Le style Super Deformed donne des personnages au style cartoon et éléments exagéré comme une grosse tête inspirée des chibis du manga. Un hasard ? Je ne pense pas : c’est pour plaire aussi bien aux plus jeunes qu’aux plus anciens. C’est vraiment mignon, n’est ce pas !? Dans ta face, toi aussi tu t’es pris un uppercut rétinien !?
Ce qui est visible au premier coup d’œil, c’est que tout est en pixel-art et donc le jeu est très fluide comme on pouvait s’y attendre.
On remarquera aussi que certains niveaux ou stages, qui évidemment vous rappeleront certains jeux de combat, bénéficient d’une grande qualité d’animation et présentent des scènes d’introduction dignes de ses grands frères comme Tekken, Mortal Kombat ou Street fighter pour ne citer qu’eux.
Et même en combat, les animations ont le droit à énormément d’attention et de soin pour en faire un vrai petit bijou vidéo-ludique.
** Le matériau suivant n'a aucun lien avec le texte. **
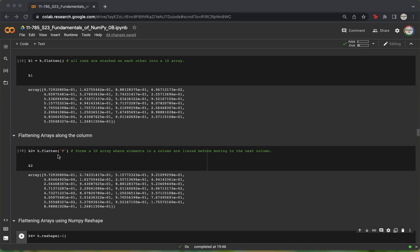We see that the first element of k2 is the first element of the first row of k. The second element of k2 is the first element of the second row of k, and the third element of k2 is the first element of the third row of k. We see that both k1 and k2 have a shape of 30.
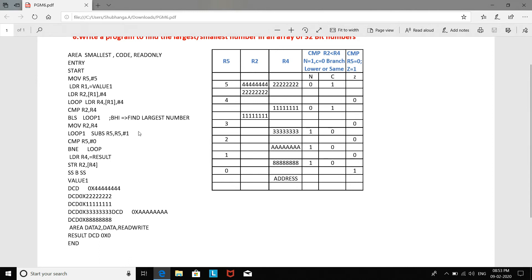Again, R5 is decremented — R5 becomes 3. Since 3 is not equal to 0, it goes back to the loop label. The next number, 0x33333333, is moved to register R4. On comparison, R4 is larger than R2, so no update to R2 occurs. R5 is decremented again to 2, and the loop continues. The next number, 0xAAAAAAAA, is loaded into R4. Again it is larger than R2, so it goes back, decrementing R5 to 1.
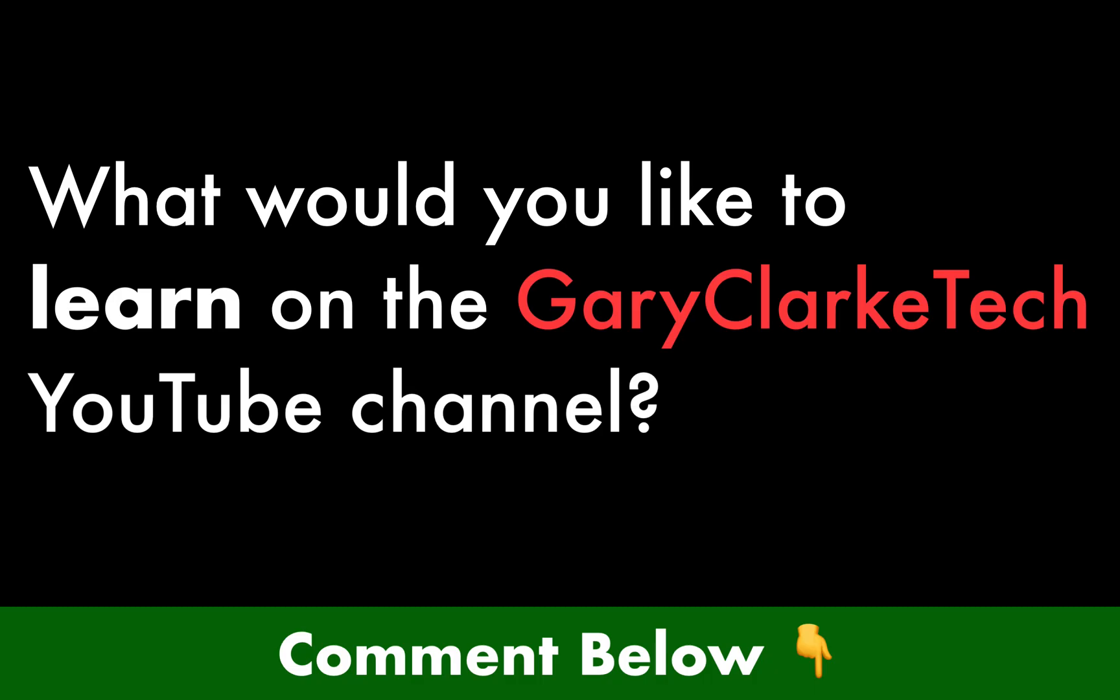Welcome to Gary Clark Tech. In this recording, I'm going to look at eight new features in PHP 8 which I think you're going to love.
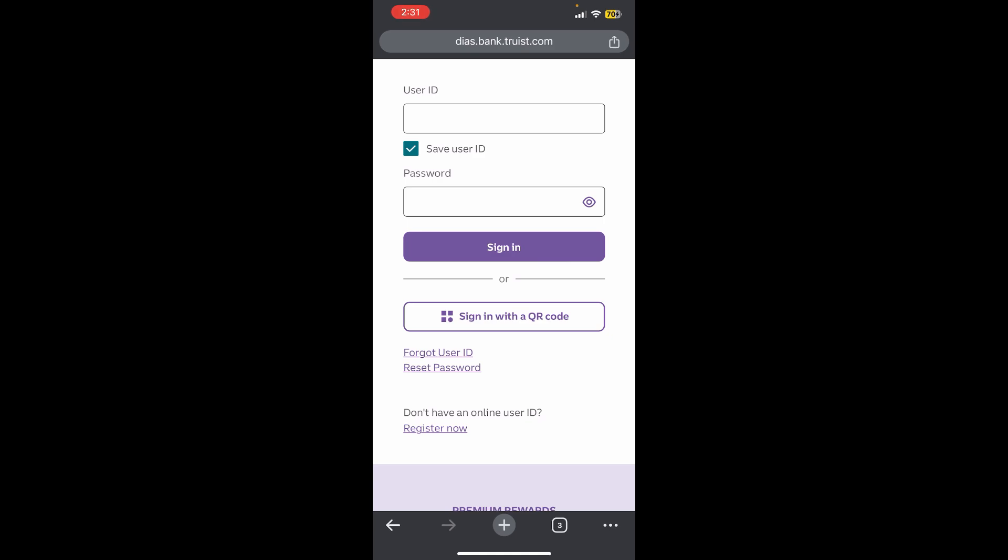And you can also see there is another sign in option as well, so you can also scan the QR code to sign in with this online banking. And by chance if you have forgotten your user ID then simply tap on the forgot user ID shown on the screen.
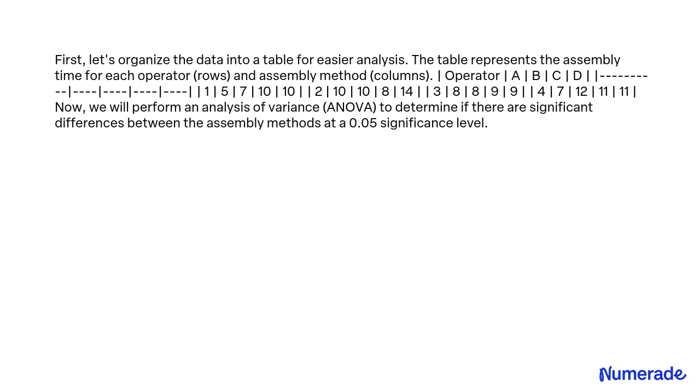First, let's organize the data into a table for easier analysis. The table represents the assembly time for each operator (rows) and assembly method (columns), showing the data values for Operators 1 through 4 across methods B, C, D, and A.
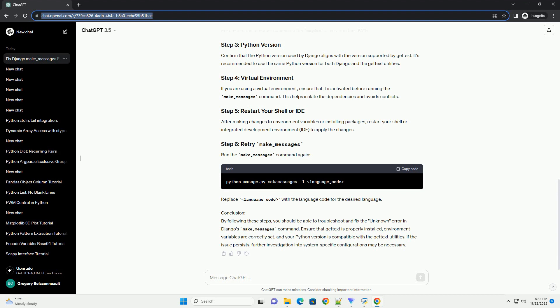Solution: To resolve the unknown error, follow these steps. Ensure that the gettext utilities are installed on your system. On a Unix-like system, you can use the package manager, example apt, yum, brew, to install gettext. For example, on Ubuntu.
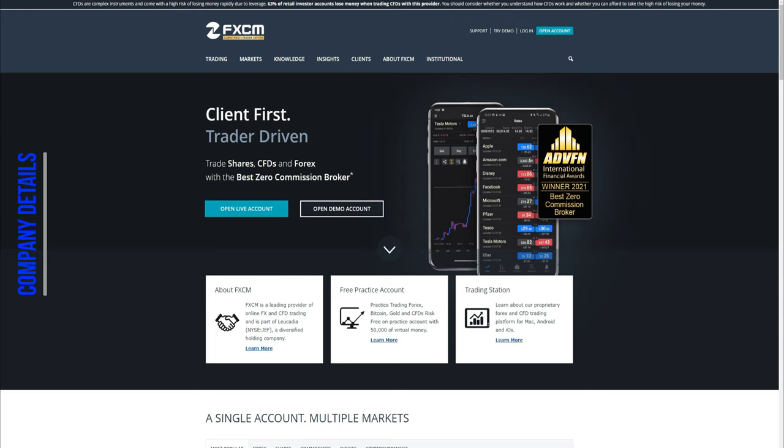FXCM was founded in 1999 and its majority owner is the Jefferies Financial Group, which is listed on the New York Stock Exchange and has a background in American banking.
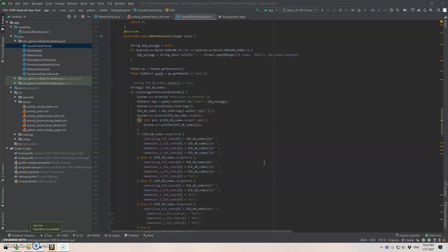So this is the final video for the CDC project and we just finished the last step of this Android app development. Now this Android app is able to call the Python scripts automatically and generate the causal chain of death.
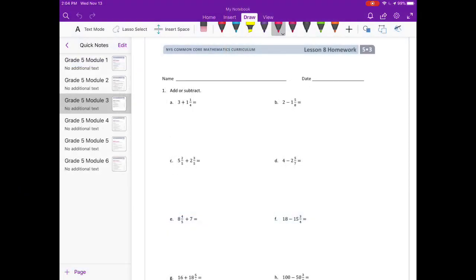Lesson eight homework. Number one, add or subtract. Three plus one and one-fourth.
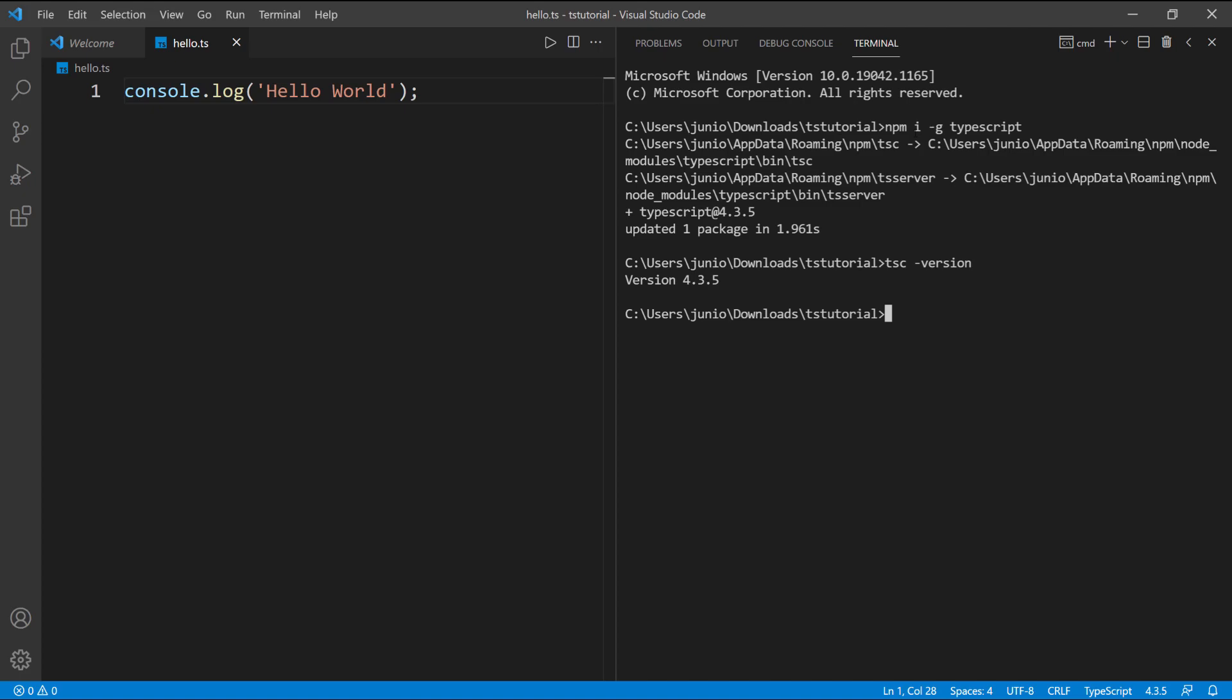We're almost ready. In the next video I'm going to show you how to set up VS Code so that we can run TypeScript code in Visual Studio Code.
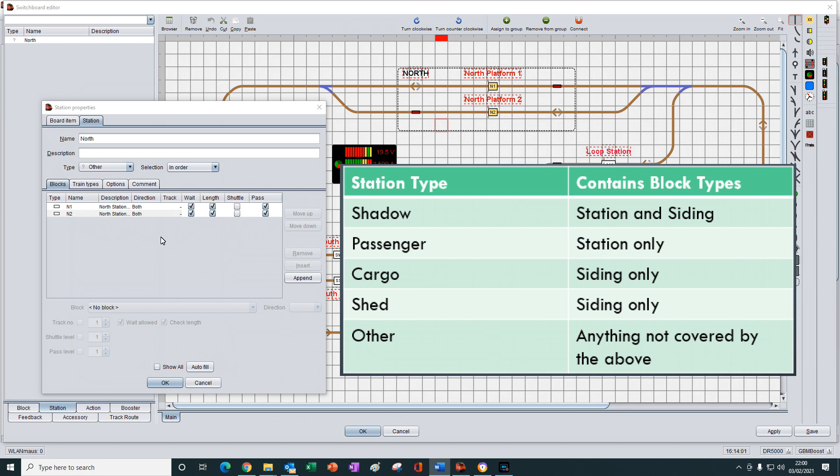Passengers will select and list only station blocks. Cargo will select and list only siding blocks. Shed will also only select and list siding blocks. And others will select and list all available types of block that are within the boundaries of the dashed line of the station.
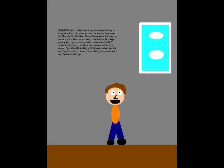Oh hi! Welcome to another beautiful day in Animation Land! As you can see, I've just sent my script for Chapter 52 to Shotaro so he can do the illustrations. Well, now that the Goropujis are backing me up on my mission to help the Jackers exterminate crime, I feel that this mission will be a bit easier. Say, Miguel's looking a bit gloomy today. I wonder what's on his mind. I know, I'll try talking to him and find out. Come on, let's go.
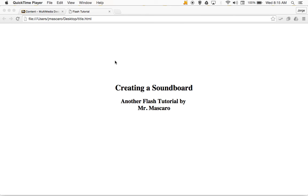Hi guys, Mr. Moscato with you again. Today what we're going to do is we're going to create a soundboard using Flash.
Nous noterons au passage que le mode histoire du jeu est vraiment beau. C’est un peu comme un livre interactif où l’on passe d’un personnage à l’autre pour découvrir et présenter l’histoire.
Ainsi, un peu d’immersion pour nous attacher à ces personnages ça ne fait pas de mal quand c’est bien fait. Ces séquences narratives sont entrecoupées de combats pour nous faire la main et apprendre les combos… Nous verrons ce mode d’ histoire comme un pseudo tutoriel/vitrine du jeu. Un bel emballage pour nous mettre KO en somme.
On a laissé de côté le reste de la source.